Giò è un uomo sulla sessantina in evidente stato di isolamento; chiuso nella sua stanza, in pantofole, cerca di allontanare da sé ogni pensiero che possa condurlo ad un'emozione. Soffre di alessitimia, e come tale è incapace di mentalizzare e descrivere a parole il proprio vissuto, versa nel silenzio assoluto. Non parla ma utilizza il cavo orale per nascondere e chiudere la propria esistenza, come in uno scrigno. Alessitimia significa letteralmente "non avere parole per le emozioni": la mancanza di espressività nel volto dei soggetti rivela meccanismi di rimozione. Solo una voce svela, dando sostanza alla mimesi audiovisiva della vita psichica di Giò, penetrando nella perpetua (im)mobilità dell'inconscio.

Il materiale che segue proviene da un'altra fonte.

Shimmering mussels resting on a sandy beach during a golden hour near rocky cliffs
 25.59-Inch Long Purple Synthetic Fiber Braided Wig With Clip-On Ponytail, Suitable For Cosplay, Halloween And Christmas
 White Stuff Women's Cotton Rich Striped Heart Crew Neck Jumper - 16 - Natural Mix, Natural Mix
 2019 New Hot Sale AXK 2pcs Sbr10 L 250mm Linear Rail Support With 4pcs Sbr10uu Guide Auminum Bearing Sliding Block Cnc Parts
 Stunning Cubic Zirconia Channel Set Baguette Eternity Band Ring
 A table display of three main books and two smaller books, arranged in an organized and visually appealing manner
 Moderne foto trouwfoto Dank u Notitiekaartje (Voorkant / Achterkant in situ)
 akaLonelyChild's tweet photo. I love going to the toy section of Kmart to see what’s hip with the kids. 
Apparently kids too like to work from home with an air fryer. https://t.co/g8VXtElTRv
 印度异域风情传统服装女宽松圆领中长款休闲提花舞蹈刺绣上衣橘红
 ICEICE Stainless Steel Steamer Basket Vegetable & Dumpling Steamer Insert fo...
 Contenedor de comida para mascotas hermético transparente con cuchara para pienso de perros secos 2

Liberamente tratto da "Eh Joe" di S.Beckett, testo scritto per la televisione e andato in onda nel 1966, la telecamera, in questo primo teleplay della storia, diventa vero e proprio strumento espressivo, quasi un ulteriore personaggio in scena, che entra in relazione con il corpo di Joe svelando, attraverso la voce e l'inesorabile e lento zoom, la storia del protagonista.